Even when justice is served—as in the advance of gay rights—his subversive mind ponders why such progress is not general. “Why is it easier for Bruce Jenner to change his gender than it is for Cassius Clay to change his name?” he asks. “Empathy is not gay. Empathy is not black. Empathy is bisexual. It must go both ways.”
And an interview of David Sedaris in the New York Times Magazine, "David Sedaris Knows What We'll Laugh at When No One is Judging," is pertinent to the controversy over Chappelle. Humor isn't something we can choose. We find something funny, or we don't. But as Sedaris says, societal restrictions can cause us to stifle our mirth for fear of seeming politically incorrect. Excerpt:
Do you think much about what you can and can’t get away with? People say, “I can’t believe what you say onstage,” because you can’t say anything anymore. I mean, I love an old-fashioned vulgar joke. There is a joke that I’ve been reading onstage: A woman wakes up on her 40th birthday, and she goes to the drugstore and says: “Today’s my birthday. Can you guess how old I am?” The druggist says, “36?” She says, “I’m 40.” Next she goes to the butcher shop and goes: “Today’s my birthday. Can you guess how old I am?” The butcher says, “32.” She goes, “No, I’m 40.” She goes up and down Main Street. Nobody comes close to guessing her age. She gets in her car and goes to the gas station. Says to the guy, “Can you guess how old I am?” He says, “I can guess your age and your birthday. But first you have to let me fondle your breasts for a while.” She says, “OK.” Then after about five minutes, he says, “You are 40 years old, and your birthday’s today.” “How did you do that?” He goes, “I was in line behind you at the butcher shop.” The audience gives the biggest laugh from that line. But first the audience makes a noise when the gas station attendant says, “You have to allow me to fondle your breasts for a while,” and she says, “OK.” Whereas 20 years ago, her agreeing to it would have just been accepted as part of the joke.
Are you finding that the gap between what people will laugh at and what they would admit to finding funny is getting more pronounced? You know what was interesting? I did a bookstore event the other day, and I read the funniest bits from the diary.
I got nothing. Nothing. Then people said afterward, “My face hurt from laughing.” I said: “You weren’t laughing. I was here, you know.” But you turn the lights off? In a theater, the lights are all the way down, and people will laugh.
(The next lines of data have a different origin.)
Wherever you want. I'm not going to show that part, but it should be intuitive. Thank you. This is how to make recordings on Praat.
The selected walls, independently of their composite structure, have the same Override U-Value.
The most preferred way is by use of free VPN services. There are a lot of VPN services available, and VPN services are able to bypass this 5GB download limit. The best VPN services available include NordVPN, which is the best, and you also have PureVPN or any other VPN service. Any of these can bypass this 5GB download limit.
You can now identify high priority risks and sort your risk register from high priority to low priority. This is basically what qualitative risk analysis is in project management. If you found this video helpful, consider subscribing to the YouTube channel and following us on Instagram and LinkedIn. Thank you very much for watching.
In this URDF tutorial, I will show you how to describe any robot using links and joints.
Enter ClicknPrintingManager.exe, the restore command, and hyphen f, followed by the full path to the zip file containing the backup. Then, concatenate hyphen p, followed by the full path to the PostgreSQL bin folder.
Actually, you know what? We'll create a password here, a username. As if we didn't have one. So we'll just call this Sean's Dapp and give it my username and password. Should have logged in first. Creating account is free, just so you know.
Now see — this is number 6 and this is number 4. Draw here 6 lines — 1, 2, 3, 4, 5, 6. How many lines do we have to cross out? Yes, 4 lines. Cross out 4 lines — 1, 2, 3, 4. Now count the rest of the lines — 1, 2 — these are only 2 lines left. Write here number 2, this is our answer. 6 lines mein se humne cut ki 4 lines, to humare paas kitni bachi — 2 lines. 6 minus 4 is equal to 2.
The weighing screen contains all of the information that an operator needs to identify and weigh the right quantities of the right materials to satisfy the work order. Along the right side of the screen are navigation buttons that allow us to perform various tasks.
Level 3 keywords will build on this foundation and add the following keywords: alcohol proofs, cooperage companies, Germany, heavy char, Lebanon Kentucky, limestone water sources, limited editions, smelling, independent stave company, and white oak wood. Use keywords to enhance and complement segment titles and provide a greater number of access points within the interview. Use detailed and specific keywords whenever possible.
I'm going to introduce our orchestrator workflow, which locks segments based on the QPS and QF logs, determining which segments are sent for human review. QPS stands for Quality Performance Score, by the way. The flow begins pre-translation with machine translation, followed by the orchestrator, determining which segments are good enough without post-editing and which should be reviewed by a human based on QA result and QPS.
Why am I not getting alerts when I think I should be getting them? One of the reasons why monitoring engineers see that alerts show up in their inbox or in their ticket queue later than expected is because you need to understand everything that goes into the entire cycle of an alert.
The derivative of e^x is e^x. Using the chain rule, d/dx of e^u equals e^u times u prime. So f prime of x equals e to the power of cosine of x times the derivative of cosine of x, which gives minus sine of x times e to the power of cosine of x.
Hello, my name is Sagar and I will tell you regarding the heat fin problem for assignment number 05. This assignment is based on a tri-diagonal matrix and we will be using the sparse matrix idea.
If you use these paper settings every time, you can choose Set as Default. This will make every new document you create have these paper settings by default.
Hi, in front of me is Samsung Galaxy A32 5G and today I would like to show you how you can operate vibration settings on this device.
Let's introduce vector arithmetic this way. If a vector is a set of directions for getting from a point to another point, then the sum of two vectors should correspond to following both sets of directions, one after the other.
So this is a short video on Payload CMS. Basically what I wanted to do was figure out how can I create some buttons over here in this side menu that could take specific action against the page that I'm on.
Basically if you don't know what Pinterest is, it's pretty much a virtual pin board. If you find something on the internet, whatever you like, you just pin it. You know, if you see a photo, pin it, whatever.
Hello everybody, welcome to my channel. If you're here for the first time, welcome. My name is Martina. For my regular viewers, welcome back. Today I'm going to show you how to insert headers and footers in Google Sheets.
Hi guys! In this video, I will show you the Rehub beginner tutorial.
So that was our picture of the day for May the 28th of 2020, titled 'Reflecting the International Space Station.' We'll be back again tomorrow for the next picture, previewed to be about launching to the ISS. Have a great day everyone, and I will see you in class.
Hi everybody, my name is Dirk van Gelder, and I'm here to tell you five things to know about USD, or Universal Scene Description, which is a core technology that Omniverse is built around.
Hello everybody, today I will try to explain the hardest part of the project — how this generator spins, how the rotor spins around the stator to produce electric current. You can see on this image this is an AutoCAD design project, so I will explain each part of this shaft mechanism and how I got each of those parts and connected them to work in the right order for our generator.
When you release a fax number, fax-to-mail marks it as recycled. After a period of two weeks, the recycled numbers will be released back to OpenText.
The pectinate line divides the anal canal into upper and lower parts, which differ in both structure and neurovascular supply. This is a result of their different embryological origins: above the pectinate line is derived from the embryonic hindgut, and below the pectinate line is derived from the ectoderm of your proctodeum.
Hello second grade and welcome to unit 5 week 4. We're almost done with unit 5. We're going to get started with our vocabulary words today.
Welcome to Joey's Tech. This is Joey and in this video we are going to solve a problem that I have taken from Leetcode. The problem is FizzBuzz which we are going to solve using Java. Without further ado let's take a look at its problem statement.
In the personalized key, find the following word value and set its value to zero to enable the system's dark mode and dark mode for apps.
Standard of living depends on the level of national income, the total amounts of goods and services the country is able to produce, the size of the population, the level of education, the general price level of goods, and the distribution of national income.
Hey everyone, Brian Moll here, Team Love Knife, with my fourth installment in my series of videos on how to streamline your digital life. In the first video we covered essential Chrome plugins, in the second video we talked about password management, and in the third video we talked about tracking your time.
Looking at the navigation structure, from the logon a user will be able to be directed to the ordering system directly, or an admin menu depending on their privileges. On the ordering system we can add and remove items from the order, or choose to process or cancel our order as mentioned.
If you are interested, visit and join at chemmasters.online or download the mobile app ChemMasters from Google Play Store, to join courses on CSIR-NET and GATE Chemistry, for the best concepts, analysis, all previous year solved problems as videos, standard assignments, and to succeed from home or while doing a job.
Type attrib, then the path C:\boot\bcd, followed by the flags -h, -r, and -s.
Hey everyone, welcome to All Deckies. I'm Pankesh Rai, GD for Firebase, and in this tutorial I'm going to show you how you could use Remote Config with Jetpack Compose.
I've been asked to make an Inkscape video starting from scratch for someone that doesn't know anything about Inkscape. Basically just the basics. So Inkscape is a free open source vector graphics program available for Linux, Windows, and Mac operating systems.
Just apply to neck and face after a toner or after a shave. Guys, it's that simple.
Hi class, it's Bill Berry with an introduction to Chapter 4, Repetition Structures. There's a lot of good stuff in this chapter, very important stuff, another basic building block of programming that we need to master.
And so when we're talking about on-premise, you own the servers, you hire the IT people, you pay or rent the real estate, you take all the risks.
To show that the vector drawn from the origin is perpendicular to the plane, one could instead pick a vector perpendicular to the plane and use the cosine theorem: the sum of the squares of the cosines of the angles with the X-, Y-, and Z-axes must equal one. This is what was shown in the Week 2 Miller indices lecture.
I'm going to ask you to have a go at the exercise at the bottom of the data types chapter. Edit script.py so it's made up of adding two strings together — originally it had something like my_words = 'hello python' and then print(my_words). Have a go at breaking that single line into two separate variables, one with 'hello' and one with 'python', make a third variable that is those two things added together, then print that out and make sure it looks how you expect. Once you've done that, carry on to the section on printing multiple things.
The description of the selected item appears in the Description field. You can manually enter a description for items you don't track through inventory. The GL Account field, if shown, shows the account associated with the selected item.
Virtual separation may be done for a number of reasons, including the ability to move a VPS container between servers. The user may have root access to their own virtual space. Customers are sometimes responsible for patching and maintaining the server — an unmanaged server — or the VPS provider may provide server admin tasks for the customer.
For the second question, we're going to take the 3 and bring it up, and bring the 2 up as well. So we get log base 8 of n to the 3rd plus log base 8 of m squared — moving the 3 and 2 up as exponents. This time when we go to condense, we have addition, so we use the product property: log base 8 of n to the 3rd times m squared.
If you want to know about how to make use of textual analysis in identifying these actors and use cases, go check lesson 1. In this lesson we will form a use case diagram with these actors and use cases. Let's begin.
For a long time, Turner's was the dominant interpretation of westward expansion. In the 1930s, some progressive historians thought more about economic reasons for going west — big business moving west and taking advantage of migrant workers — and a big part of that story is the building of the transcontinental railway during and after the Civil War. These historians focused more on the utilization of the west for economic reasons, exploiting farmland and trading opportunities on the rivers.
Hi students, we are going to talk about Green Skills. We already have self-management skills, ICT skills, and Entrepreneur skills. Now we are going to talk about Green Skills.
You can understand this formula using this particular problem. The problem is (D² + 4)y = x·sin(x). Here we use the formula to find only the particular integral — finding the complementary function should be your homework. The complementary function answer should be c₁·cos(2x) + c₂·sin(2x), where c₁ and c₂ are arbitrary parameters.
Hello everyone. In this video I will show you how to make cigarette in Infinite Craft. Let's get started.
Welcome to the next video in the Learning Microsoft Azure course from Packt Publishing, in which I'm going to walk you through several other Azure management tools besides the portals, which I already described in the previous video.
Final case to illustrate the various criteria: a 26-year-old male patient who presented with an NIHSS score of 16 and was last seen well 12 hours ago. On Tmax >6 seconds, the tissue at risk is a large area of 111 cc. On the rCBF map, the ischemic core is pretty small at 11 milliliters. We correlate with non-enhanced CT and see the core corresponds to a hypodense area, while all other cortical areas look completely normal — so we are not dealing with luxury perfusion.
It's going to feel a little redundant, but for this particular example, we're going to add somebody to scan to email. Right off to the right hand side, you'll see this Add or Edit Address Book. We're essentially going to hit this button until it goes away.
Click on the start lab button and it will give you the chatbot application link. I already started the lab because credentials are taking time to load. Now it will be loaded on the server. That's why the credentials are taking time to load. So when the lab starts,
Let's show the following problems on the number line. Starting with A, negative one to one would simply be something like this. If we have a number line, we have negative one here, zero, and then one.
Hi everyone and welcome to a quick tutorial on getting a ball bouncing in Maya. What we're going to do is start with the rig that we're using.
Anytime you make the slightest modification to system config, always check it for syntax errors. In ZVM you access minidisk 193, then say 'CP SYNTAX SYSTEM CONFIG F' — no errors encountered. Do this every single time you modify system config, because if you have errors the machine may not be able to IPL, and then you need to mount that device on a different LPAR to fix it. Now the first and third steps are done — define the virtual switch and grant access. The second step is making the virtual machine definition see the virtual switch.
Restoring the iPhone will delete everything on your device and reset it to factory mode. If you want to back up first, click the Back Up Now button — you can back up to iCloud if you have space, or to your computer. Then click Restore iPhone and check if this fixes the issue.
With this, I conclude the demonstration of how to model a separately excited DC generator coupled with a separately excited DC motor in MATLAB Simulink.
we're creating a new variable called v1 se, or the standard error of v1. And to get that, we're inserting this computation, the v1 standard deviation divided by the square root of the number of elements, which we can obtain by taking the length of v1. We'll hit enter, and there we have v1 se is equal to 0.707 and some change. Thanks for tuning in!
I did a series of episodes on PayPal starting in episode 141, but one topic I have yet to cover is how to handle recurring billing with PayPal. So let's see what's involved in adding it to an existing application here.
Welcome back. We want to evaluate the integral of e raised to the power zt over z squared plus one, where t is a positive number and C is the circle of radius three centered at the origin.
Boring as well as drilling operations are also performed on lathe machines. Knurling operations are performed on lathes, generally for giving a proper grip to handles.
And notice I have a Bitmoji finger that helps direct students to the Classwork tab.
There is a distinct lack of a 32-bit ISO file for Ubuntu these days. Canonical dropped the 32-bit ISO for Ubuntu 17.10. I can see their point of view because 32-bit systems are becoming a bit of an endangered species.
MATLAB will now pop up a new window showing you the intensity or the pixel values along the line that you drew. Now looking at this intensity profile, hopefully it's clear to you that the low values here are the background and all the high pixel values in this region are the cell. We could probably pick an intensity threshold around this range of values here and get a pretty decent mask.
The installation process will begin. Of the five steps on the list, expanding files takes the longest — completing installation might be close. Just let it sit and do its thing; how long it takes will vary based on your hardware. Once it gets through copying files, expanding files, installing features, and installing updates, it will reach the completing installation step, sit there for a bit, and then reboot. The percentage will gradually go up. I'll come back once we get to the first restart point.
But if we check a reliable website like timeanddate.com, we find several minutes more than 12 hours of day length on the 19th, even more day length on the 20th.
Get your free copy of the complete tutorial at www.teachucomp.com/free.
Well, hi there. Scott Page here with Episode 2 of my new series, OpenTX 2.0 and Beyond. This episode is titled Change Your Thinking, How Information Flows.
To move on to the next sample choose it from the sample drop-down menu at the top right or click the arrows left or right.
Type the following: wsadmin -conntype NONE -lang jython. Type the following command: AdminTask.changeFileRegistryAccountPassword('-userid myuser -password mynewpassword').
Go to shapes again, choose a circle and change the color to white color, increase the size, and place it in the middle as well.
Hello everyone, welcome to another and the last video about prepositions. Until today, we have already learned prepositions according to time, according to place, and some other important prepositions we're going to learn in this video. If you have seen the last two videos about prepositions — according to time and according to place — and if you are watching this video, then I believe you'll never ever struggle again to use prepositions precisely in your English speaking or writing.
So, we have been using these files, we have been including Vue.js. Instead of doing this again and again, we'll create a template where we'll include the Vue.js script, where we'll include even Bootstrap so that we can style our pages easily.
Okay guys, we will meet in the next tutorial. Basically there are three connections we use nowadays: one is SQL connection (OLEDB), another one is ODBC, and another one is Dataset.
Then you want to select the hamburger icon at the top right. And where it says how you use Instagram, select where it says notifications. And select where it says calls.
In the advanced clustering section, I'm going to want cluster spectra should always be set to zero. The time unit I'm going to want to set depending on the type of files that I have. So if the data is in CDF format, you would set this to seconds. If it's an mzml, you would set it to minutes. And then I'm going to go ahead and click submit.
Because people behave differently when they’re not worried about any social consequences or judgments? Yeah. Especially if you’re in America and race comes up in any way, the audience freaks out. So Andrea, the woman who assaulted me, was Black. When I shape that into an essay, I think it’s important. I was let into the foyer of a building I don’t live in; that had everything to do with me being white. If you have a character who’s Black and is not a virtuous character, the audience freaks out, because they think: If I laugh, does that make me a racist? If I don’t like this person, does that make me a racist? It’s something I’ve noticed for years. The audience freaks out, and it’s by and large a white audience freaking out, and it gets worse with every passing day.